It seems some government customers can request Intel's always-on Management Engine (ME) 'master controller' for its CPUs to be disabled.
That's not an option for the general public, but researchers at Russian security firm Positive Technologies have found a way to use these government-only privileges to disable ME.
ME is a core component of modern Intel chips that if compromised can provide an attacker with a powerful backdoor. As the researchers note, ME can't be completely disabled because of its role in initializing hardware, power management, and launching the main processor.
Security researchers have long been worried by Intel ME because it's impossible for anyone but Intel to audit for any backdoors, which has led to numerous attempts to disable it, including the me_cleaner project.
Concern over it was raised again in May after a critical flaw was found in Intel's Active Management Technology firmware, an enterprise feature for remote PC management that runs on ME.
The AMT bug prompted the EFF's call on Intel to provide a way disable or limit ME, which it described as an "undocumented master controller for your CPU".
Without a disabling mechanism and greater transparency from Intel, the EFF cautioned that Intel chips might not be safe to use in critical-infrastructure systems.

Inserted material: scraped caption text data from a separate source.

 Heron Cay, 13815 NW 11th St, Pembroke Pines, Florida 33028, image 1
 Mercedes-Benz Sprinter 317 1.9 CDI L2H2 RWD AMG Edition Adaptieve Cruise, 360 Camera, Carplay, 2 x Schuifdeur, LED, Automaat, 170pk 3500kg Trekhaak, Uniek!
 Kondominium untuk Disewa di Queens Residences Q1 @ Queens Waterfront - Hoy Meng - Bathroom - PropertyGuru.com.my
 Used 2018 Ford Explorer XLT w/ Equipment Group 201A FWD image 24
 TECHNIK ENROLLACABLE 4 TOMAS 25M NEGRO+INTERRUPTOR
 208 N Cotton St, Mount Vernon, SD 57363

Positive Technologies researchers Mark Ermolov and Maxim Goryachy discovered that Intel ME can be disabled by setting a 'HAP mode activation bit' found in the ME firmware code. The researchers found a field in ME's firmware files called 'reserve_hap' with a comment next to it stating 'High Assurance Platform enable'.

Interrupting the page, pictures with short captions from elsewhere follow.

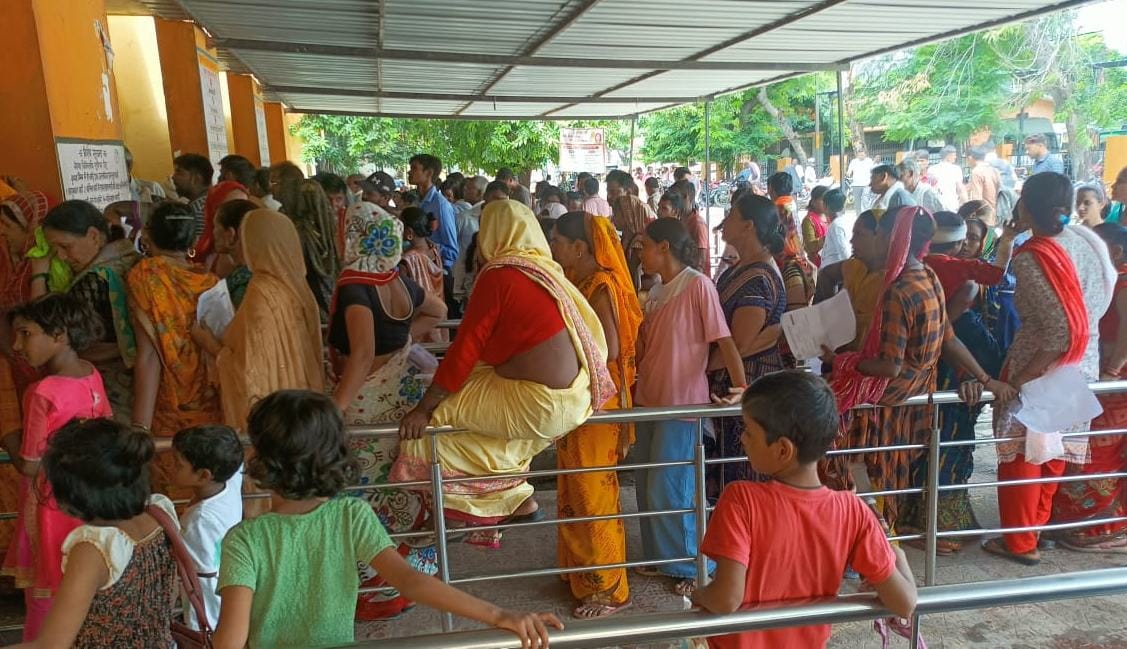 People falling prey to fever due to rain and humidity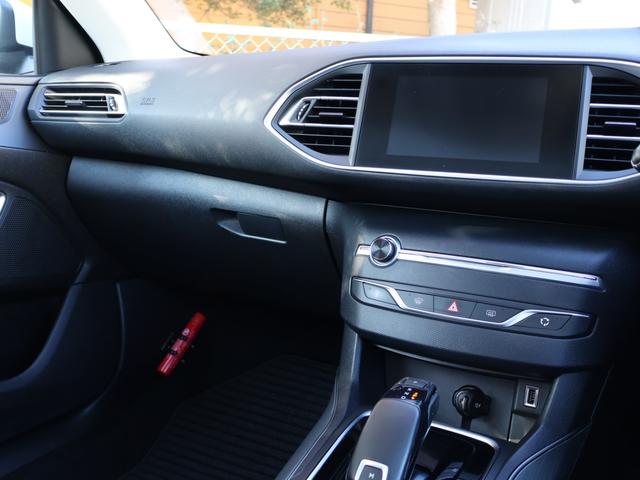 Ｐｅｕｇｅｏｔミラースクリーン［ＡｐｐｌｅＣａｒＰｌａｙ＆ＡｎｄｒｏｉｄＡｕｔｏ／ＵＳＢ＆Ｂｌｕｅｔｏｏｔｈ接続対応］や音声タイプＥＴＣ車載器、ワイドバックアイカメラなどオプション装備を含め多数装備♪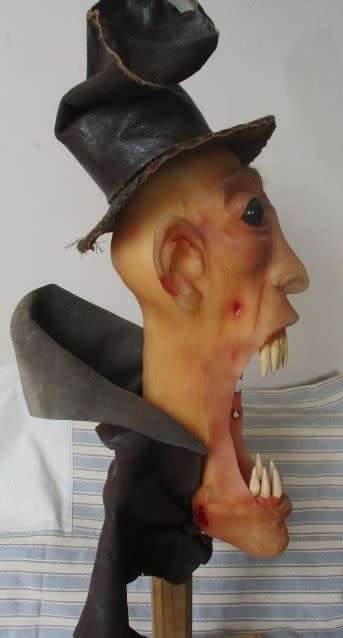 VINTAGE RARE COLLECTABLE RUBBER HORROR FIGURINE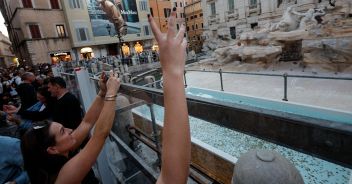 fontana-di-trevi-piscina-critiche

HAP refers to the US government's High Assurance Platform Program, a secure computing program run by the NSA in collaboration with the tech industry. According to Bleeping Computer, disabling ME requires setting the relevant bit to '1'.

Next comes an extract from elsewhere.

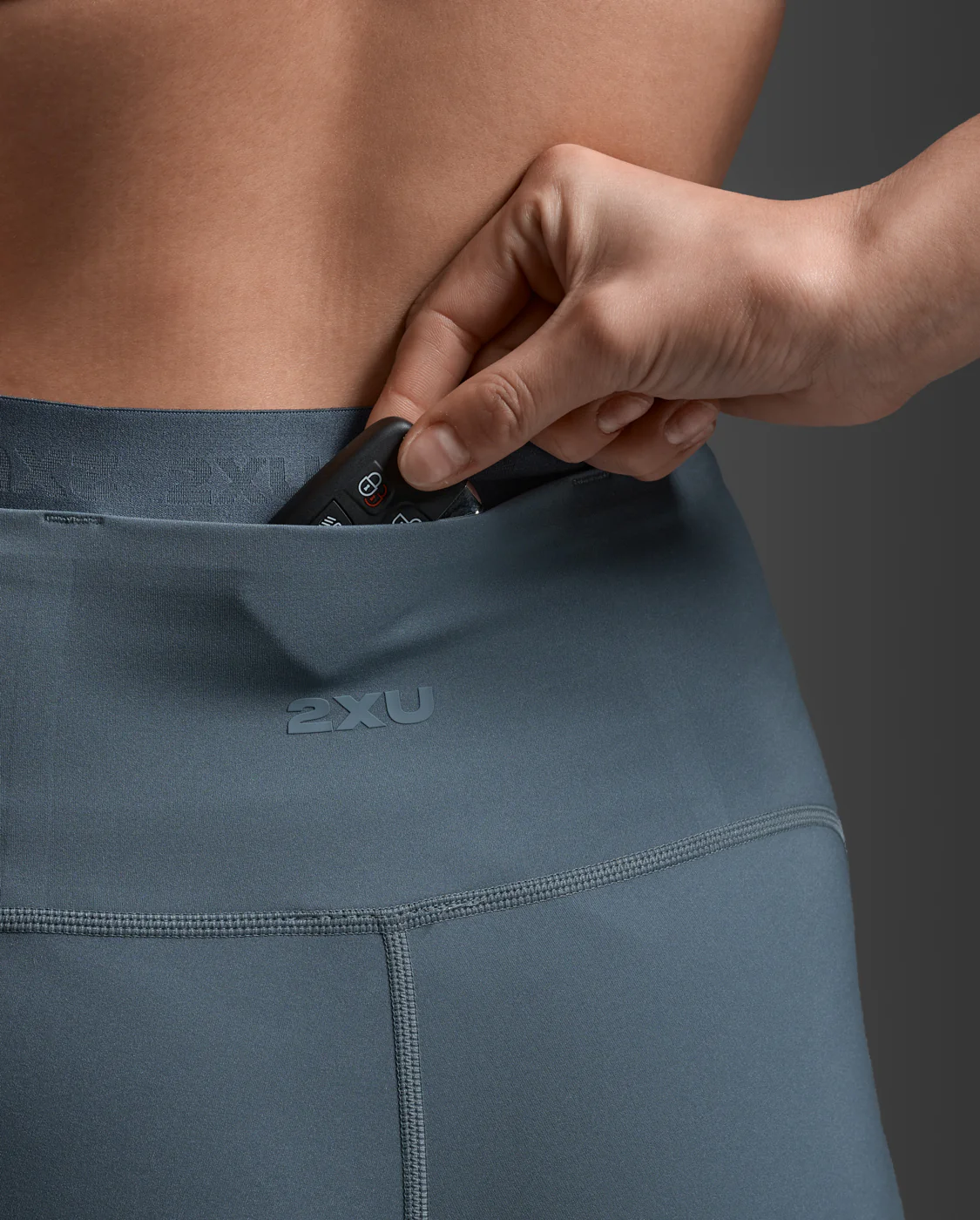 Form Stash Hi-Rise 6" Compression Short with Pockets - Image 8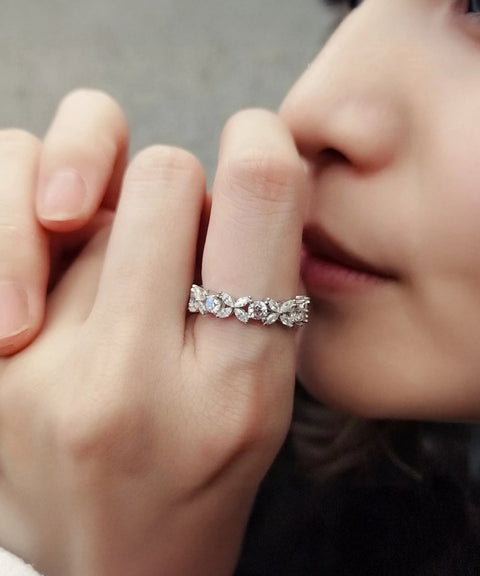 Pierścionek moissanitowy Liora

Intel confirmed to Positive Technologies that the undocumented HAP mode activation bit is present to support customers participating in the HAP program.
"In response to requests from customers with specialized requirements we sometimes explore the modification or disabling of certain features," Intel said in a statement.
"In this case, the modifications were made at the request of equipment manufacturers in support of their customer's evaluation of the US government's High Assurance Platform program. These modifications underwent a limited validation cycle and are not an officially supported configuration."
Ermolov and Goryachy speculate that the HAP mode is designed to reduce the chances of side-channel leaks.
The researchers have provided a utility on GitHub for others to disable ME without Intel's assistance, but warn users may destroy their device by using it.
Nonetheless, the researchers have provided a way to disable ME after the hardware has initialized, and the main processor has started.
Update - Intel has told ZDNet: "Intel does not and will not design backdoors for access into its products. Recent reports claiming otherwise are misinformed and blatantly false. Intel does not participate in any efforts to decrease security of its technology."
The headline of this story has been amended. The 'HAP mode' linked to the NSA-run High Assurance Platform Program could enable customers to switch ME off, not to switch it on.